Permanent International Altaistic Conference Newsletter No. 2, March 1967, pp. 15–16.
A. Róna-Tas (Budapest)
Report on Fieldwork in the Chuvash Autonomous Republic
In the autumn of 1965 I worked for several weeks in Moscow with Chuvash informants. Toward the end of September I left to do fieldwork in the Chuvash Autonomous Republic. The aim of my journey was to collect on-the-spot material for phonological, lexicographic, and dialectal purposes. Since I was especially interested in Chuvash-Mongolian, Chuvash-Turkish, and Chuvash-Hungarian parallels, I directed my work toward these features.
My Chuvash fieldwork was not the first done by a Hungarian. If we do not consider the famous journey of Father Julianus to Magna Bulgaria in the 13th Century, only five scholars can be mentioned who collected Chuvash material in the field: A. Reguly, 1343, 1845; A. Desko, 1848-1854; B. Munkácsi, 1885; J. Mószáros, 1906–1907; and J. Németh, 1913.
I arrived in Cheboksary, the Capital of the republic, together with a young Chuvash-born linguist, A. A. Alekseev, with whom I had already worked in Moscow. In Cheboksary I was received by Chuvash colleagues working at the University and the Chuvash Scientific Research Institute. During my stay in the Chuvash Autonomous Republic my work was supported with great generosity by the official institutions and my colleagues.
I had the opportunity to see several times Professor Egorov, the Nestor of Chuvash Studies, who celebrated his 85th birthday early in 1965. His recently published etymological dictionary of the Chuvash language is a milestone, not only for Chuvash, but also for Altaic studies in general.
My Chuvash colleagues are mainly interested in the following major projects: a grammar of the modern Chuvash literary language, a dialectal atlas and vocabulary, a Russian-Chuvash dictionary, and a bibliography. All these works are in advanced stages, and some are already ready for publication.
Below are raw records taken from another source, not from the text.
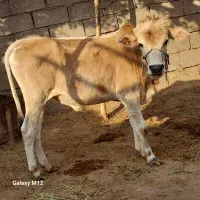 شوش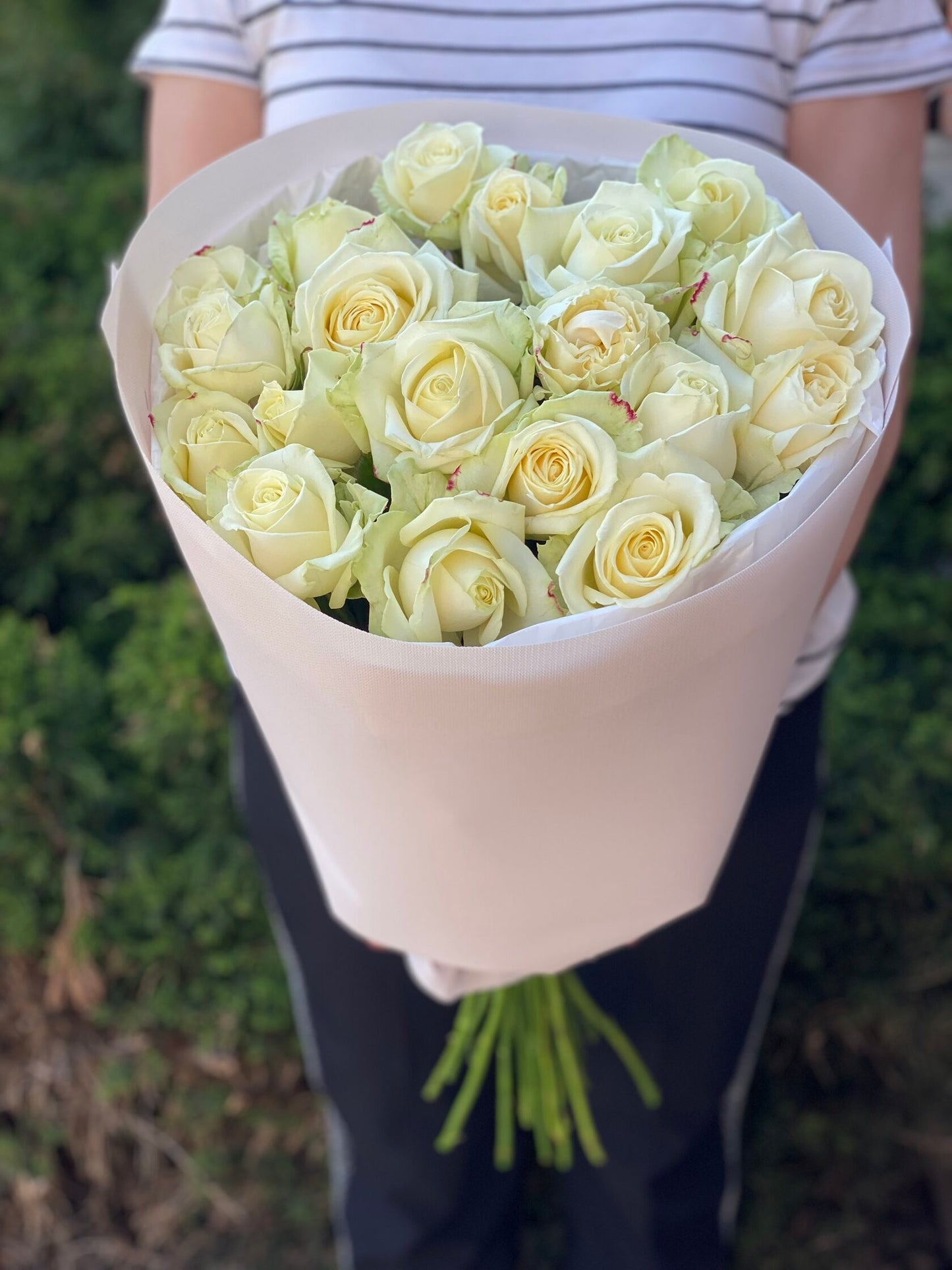 19 Rosen Sorte Avalanche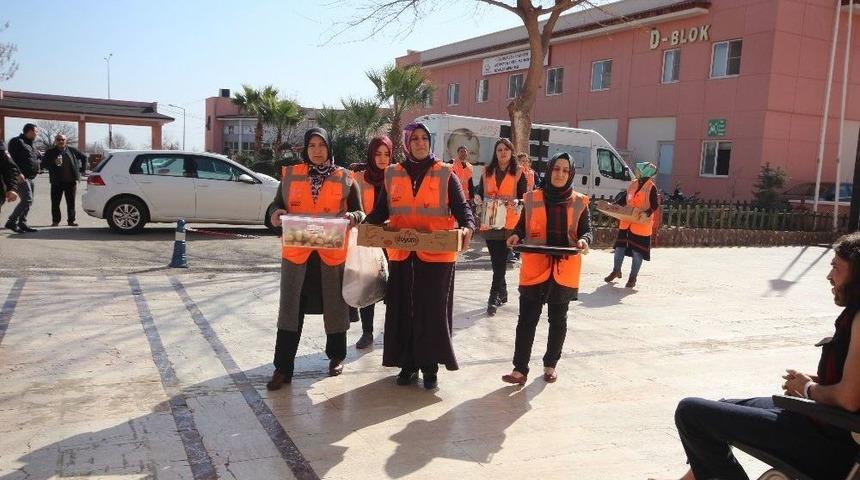 Kadınlardan Zeytin Dalı Harekatına Tam Destek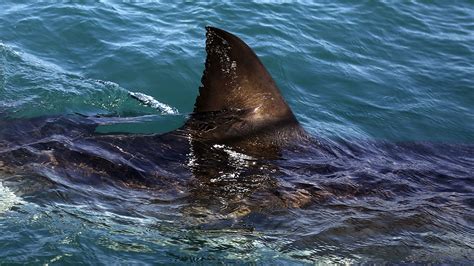 Sharks near me: Experts explain uptick in shark attacks, bites, off ...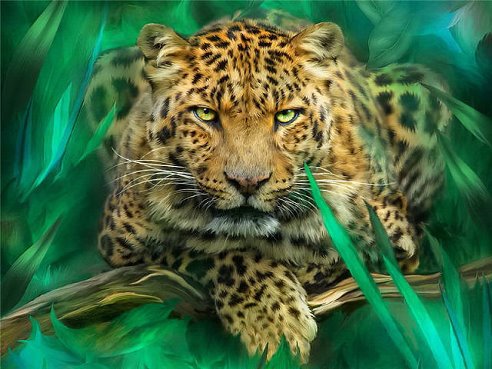 №747778 - оригинал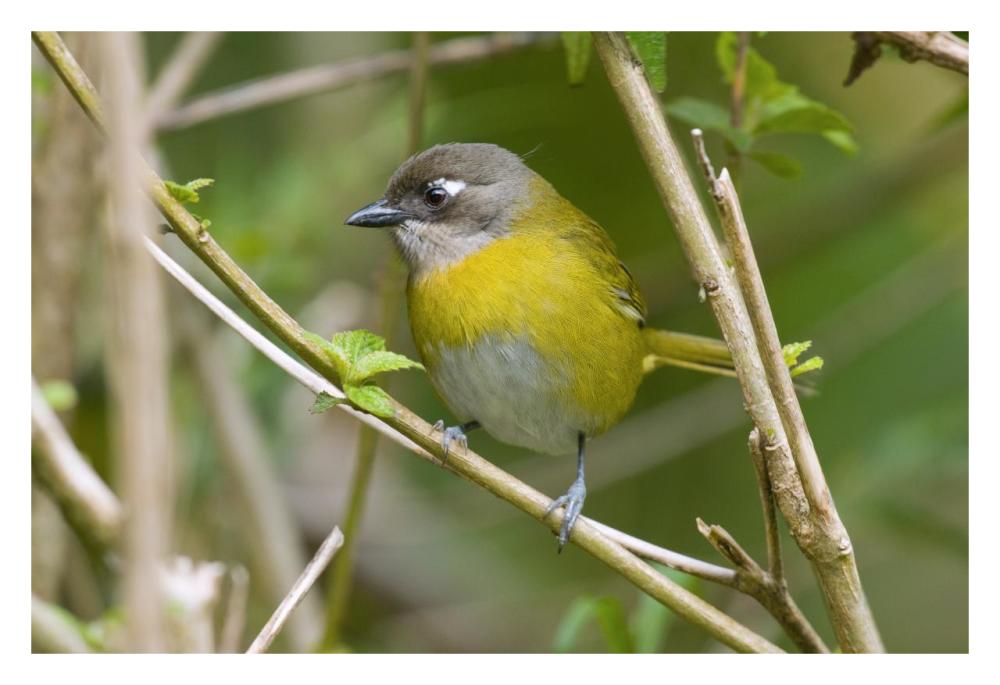 Common Bush-Tanager, Costa Rica-Paper Art-32"x22"
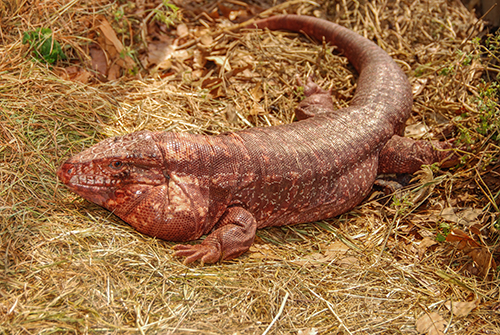 Red Tegu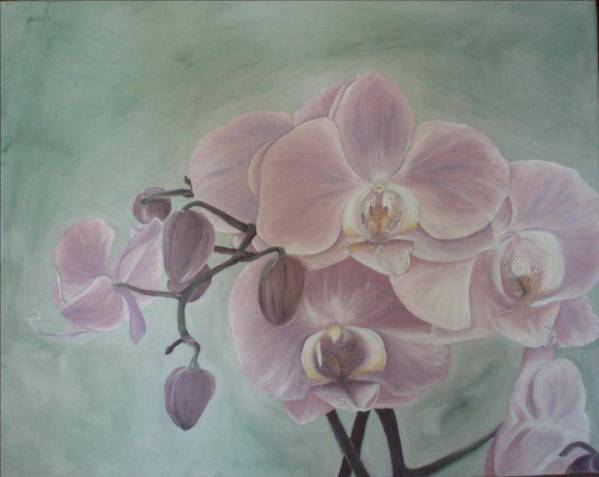 „Orhidee” de Sabina Vrabie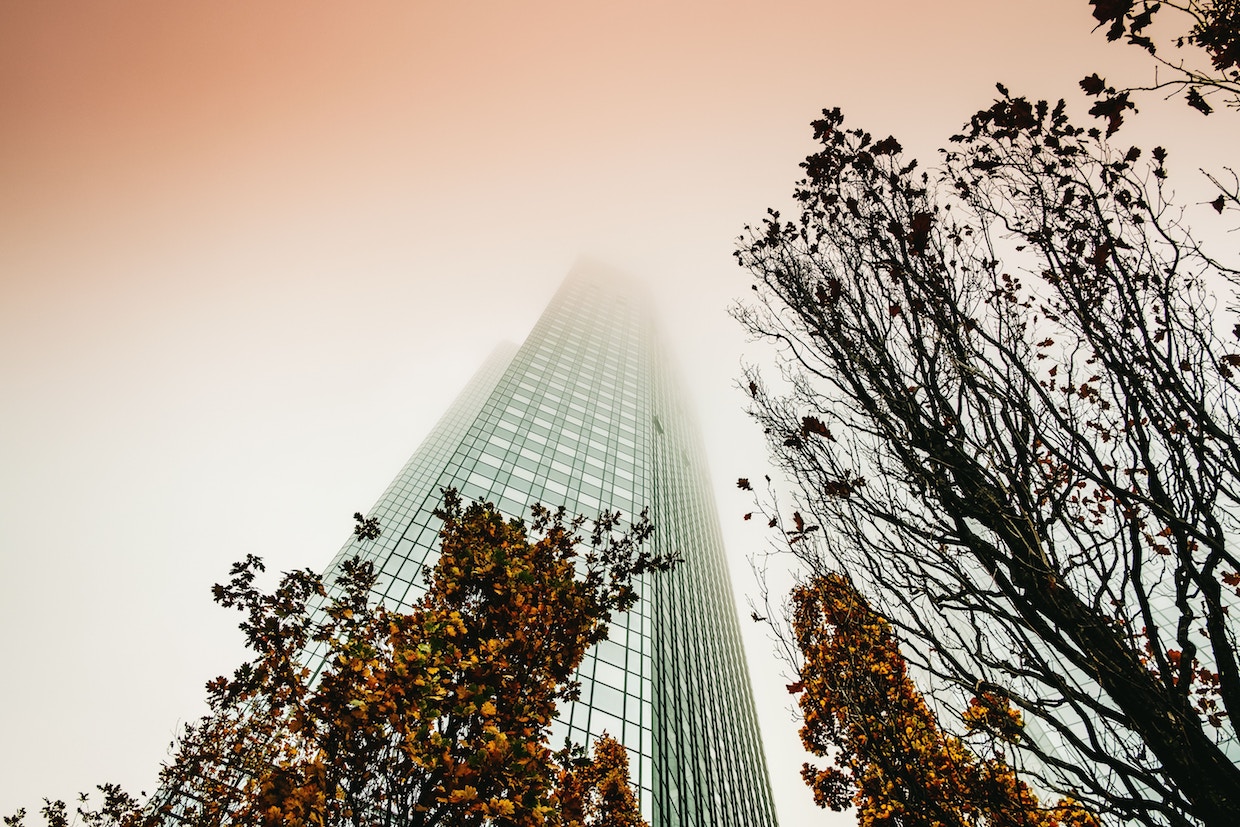 Die Evolution der Nachhaltigkeit – FinanceFWD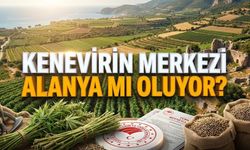 Duyan inanamadı: Alanya’da kenevir üretimi, devlet takip edecek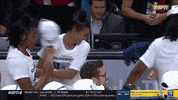 Wnba Playoffs GIF by WNBA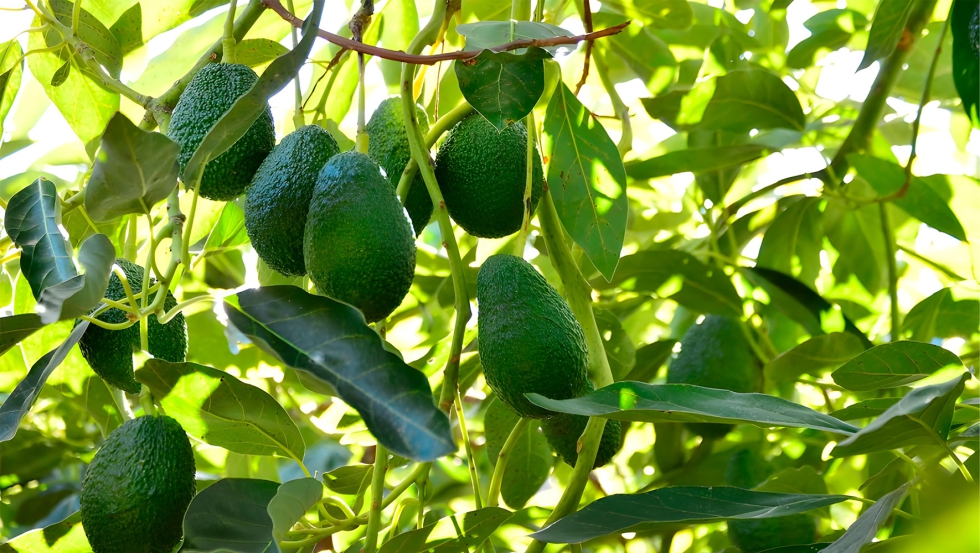 El cultivo de aguacate es un reto debido a la sequa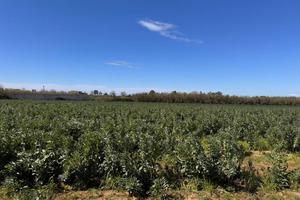 Terreno di 17177 m² a Giugliano in Campania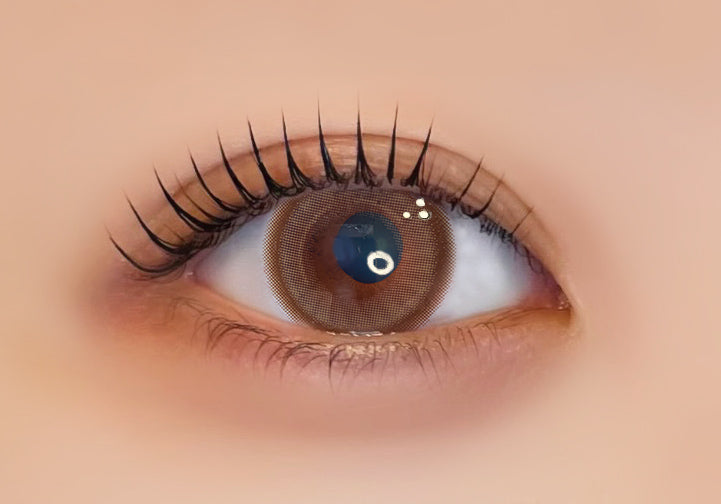 Chocolisse [Ferenne] | 1day 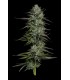 Redemption Indica Bob Marley 3FEM (SDO9 x Don Carlos x Lamb’s Bread)
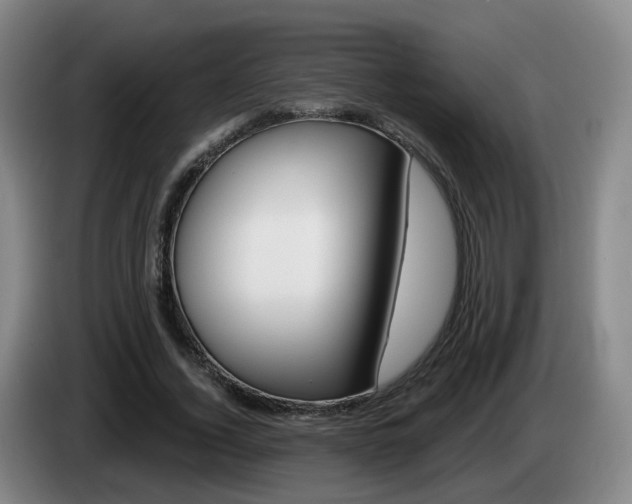 X0000085320732200703091114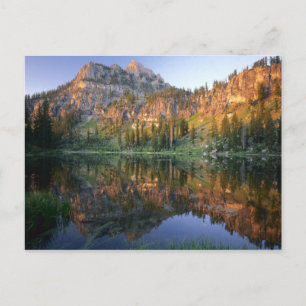 UTAH. USA. Mt. Magog spiegelt sich in Weißen Kiefe Postkarte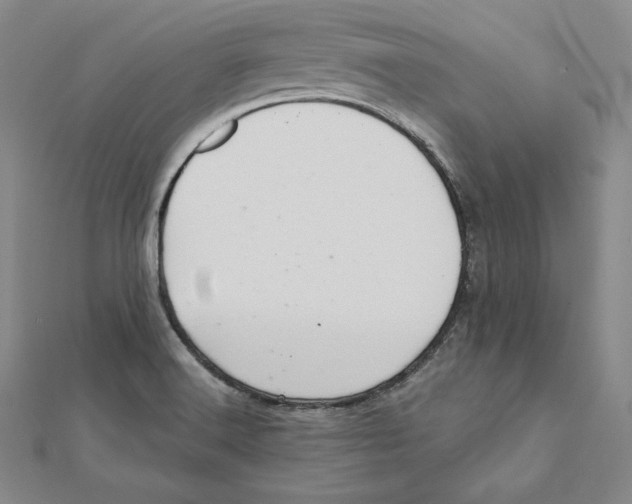 X0000112031516200908311205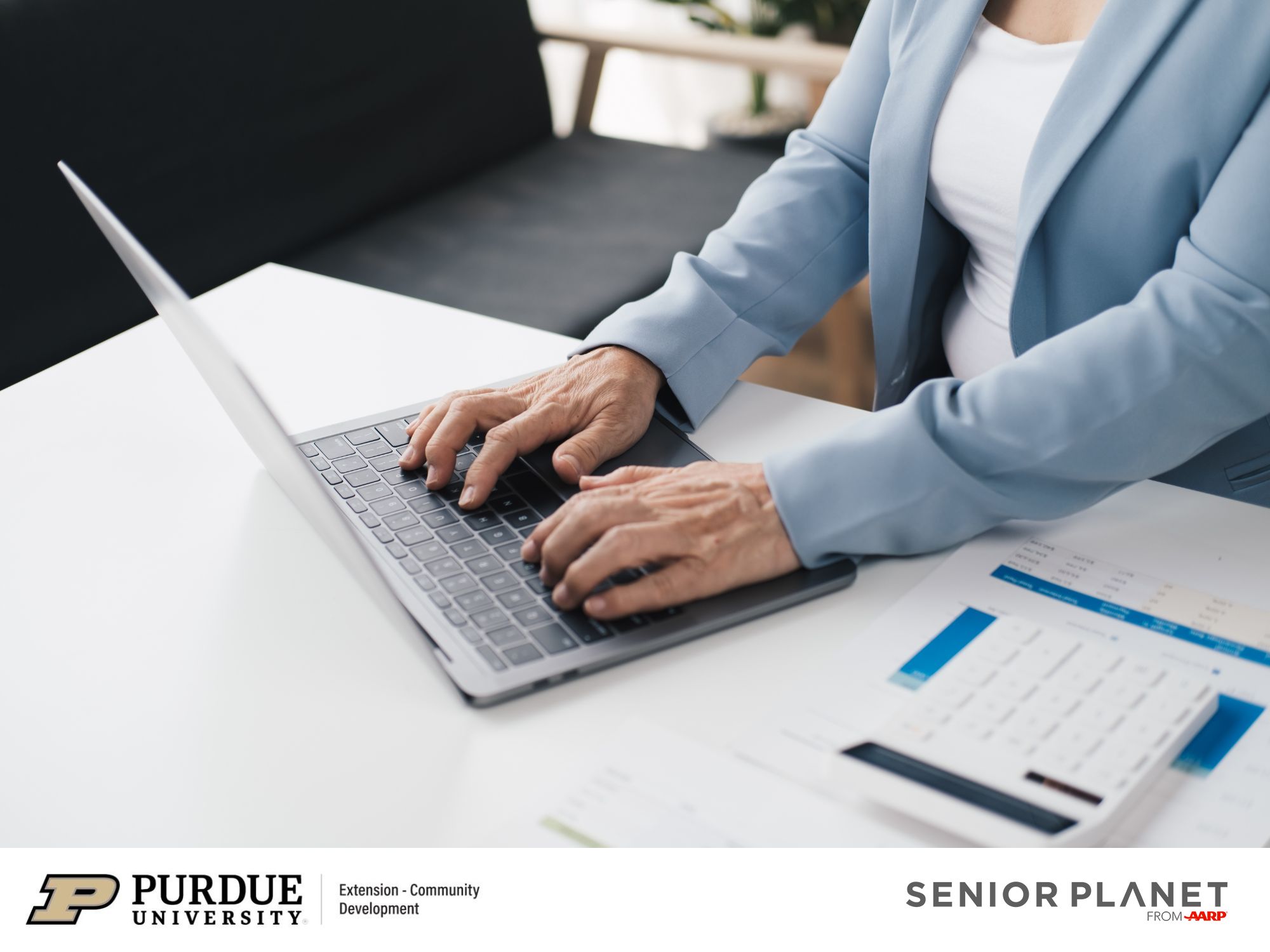 SP - Job Search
In Cheboksary I had access to the rich Archives of the Institute, where I found among other things, the original materials for Ašmarin’s famous Thesaurus, and also many unpublished collections of folklore and dialectology.
My fieldwork was mainly concentrated upon the Virjal dialect. I visited the territory near the village of Rikka and the county-center of Morgaush. For purposes of control I also collected Anatri texts, among them the entire text of Ivanov’s well-known epical work, the Narspi. Altogether, I have been able to collect on tape texts containing about 3,200 lines. In addition to this, I collected a small Virjal vocabulary of about 1,500 words, and also materials for a Virjal morphology. My friend and colleague, L. Vikár, an ethno-musicologist, recorded in 1964 a collection of Chuvash folksongs, mainly from the Virjal territory. These texts I have rechecked, and we hope to publish our materials together. Since the material of Paasonen is from Anatri – with some words of his glossary from a dialect of south Virjal – I hope that my material will complete our knowledge of this important Turkish language.
For more details consult the Bulletin of the Hungarian Academy of Sciences (Magyar Tudományos Akadémia I. Osztálya Közleményei XXIII, 1966, pp. 325–334.).